The momentarily juxtaposed partner of pleading deliverance is the weaver who delivers. The historian. Anointed by the power to restore flesh and fizz, Cephas, the conventional post-colonial historian, the man of past and present, the non-martyr with nothing to save, constantly attempts to rescue, thinking he has already accomplished his own salvation. There is the attempt to protect Nonceba from a fate of aloneness in the passing of Thenjiwe into nothing, but bone. The re-piecing of ancient kingdoms, delivering a time of previous deliverance to validate present shuffles for emancipation:
His task is to learn to re-create the manner in which the tenderest branches bend, meet, and dry, the way grass folds smoothly over this frame and weaves a nest, the way it protects the cool, livable places within-deliverance. (5)
The livable places within deliverance are the overlapping, grafted areas where the tears between the living and the dead meet, covering the exposures of the other.
Re-constitutions of past, for new nations and deeply connected strangers evoke deliverance through the re-creation of a past history within present frameworks. Thirsting new knowledge that only overlapping opposites fading into the same colour can bring. Knowledge’s covered in dust and dried to the bone are opened up. The dust about the bottles rim shifts the taste. Redistributing the flesh and fat, making that which came before from new characteristics in an attempt to rescue the already delivered.
Between contrasted understandings of a word, a time, and a discipline thought to be modeled out of raw materials into books and showcases exists a schema of two sisters, the pasting together of rescue and self-liberation, the history of past and the history of future, none diametrically opposed. Always informing each other in the tender act of soothing brutal processes. Within the folds of comfort is a world of make believe continuously attempting to sterilize wounds that will never heal, and dreams that can never be actualized until time stops growing. Behind the curtain of make believe is history and the wielders of her sword, naked, and unable to face the challenges of defining victimhood and saviors as something other than the same thing.

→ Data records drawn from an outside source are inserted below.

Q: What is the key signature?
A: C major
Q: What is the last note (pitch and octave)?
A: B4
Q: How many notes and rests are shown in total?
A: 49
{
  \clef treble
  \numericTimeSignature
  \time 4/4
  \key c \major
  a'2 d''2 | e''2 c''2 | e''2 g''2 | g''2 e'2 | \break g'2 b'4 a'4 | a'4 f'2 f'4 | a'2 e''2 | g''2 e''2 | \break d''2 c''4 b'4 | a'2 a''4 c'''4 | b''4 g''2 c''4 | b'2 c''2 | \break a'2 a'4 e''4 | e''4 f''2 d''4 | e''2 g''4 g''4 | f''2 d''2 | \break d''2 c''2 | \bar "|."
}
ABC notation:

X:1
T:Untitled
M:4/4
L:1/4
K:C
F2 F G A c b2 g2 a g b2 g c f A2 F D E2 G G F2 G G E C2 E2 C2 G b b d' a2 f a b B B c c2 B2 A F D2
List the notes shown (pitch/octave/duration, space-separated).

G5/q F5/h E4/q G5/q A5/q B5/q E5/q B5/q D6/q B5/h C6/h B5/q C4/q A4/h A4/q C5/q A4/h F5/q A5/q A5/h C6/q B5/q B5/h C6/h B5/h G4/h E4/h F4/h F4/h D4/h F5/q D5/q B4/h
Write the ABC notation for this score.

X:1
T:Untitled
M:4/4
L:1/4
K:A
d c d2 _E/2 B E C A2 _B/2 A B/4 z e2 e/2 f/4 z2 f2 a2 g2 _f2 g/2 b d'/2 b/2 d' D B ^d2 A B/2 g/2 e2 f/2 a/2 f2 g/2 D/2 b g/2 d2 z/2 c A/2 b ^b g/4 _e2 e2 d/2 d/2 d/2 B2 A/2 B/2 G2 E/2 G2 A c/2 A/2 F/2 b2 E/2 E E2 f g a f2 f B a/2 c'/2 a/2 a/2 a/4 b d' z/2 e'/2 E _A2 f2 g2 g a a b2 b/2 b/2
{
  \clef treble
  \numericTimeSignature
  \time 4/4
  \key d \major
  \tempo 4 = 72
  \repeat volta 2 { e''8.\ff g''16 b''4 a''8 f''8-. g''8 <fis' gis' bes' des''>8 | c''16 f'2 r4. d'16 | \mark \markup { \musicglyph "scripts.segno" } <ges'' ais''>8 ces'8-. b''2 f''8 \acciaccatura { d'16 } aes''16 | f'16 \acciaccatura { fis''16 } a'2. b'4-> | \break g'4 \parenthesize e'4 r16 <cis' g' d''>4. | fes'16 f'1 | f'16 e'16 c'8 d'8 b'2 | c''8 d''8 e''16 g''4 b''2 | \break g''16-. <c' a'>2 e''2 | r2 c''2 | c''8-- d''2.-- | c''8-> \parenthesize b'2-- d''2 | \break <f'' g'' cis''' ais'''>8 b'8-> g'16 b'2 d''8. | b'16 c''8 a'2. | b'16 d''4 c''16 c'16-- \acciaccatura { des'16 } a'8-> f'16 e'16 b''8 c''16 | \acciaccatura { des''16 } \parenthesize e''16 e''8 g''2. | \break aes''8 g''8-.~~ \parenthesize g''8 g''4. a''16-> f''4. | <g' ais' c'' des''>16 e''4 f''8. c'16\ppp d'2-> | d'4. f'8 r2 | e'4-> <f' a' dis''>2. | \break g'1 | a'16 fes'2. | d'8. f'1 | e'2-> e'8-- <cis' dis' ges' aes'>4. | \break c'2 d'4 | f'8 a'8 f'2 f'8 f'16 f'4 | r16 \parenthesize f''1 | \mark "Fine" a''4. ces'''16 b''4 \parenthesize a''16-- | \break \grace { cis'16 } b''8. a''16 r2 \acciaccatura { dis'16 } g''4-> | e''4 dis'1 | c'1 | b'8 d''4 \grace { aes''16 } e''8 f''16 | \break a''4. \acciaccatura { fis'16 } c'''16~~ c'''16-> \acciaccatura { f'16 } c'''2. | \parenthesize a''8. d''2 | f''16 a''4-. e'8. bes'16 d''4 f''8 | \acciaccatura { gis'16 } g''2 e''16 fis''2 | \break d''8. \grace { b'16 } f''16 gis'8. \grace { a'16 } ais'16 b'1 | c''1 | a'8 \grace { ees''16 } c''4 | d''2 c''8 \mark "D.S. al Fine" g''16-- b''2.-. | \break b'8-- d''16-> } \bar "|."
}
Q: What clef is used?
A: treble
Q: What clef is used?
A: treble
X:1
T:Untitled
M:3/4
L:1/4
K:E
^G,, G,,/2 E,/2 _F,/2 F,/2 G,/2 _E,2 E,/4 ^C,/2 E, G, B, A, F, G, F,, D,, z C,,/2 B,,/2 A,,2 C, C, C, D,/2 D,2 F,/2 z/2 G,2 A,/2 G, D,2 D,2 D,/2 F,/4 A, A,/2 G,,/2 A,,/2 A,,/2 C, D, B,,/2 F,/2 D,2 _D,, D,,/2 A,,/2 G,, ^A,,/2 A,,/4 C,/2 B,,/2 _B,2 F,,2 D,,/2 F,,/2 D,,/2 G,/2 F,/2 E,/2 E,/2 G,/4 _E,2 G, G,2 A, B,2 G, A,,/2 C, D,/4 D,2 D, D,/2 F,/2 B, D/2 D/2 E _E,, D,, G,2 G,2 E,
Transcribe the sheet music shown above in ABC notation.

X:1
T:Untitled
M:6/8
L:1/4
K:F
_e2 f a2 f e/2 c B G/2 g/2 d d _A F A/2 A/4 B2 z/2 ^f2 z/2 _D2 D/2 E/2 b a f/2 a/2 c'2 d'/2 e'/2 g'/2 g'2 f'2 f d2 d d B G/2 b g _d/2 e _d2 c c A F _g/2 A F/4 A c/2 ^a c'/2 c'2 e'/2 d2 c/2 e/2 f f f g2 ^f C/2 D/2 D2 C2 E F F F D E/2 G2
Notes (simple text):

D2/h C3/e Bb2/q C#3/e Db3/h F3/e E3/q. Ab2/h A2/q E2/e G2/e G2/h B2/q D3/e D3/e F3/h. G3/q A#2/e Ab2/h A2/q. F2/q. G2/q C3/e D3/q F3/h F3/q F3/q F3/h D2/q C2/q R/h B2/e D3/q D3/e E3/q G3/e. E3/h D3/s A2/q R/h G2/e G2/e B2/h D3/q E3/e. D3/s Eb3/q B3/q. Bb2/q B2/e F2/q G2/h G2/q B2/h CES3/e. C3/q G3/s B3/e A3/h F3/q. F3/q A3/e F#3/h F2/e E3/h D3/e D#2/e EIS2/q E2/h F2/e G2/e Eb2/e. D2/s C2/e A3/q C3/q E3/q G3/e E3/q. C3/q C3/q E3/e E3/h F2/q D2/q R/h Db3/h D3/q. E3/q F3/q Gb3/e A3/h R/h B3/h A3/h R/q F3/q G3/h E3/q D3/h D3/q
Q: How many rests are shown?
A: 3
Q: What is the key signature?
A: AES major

Vera writes and recovers history, performing her own historiographical dance. Reminding us of martyrdoms that saved no one, and of where relief waits silently inside amalgamations of contrasting contradictions and bitter similarities. Weaving quiet whispers of deliverance for those who have forgotten how to ask, or take.
By Alex Freedman
1. Soanes, Cathrine, ed. The Oxford English Dictionary. Third Edition. Oxford: Oxford University Press, 2001. “Deliverance”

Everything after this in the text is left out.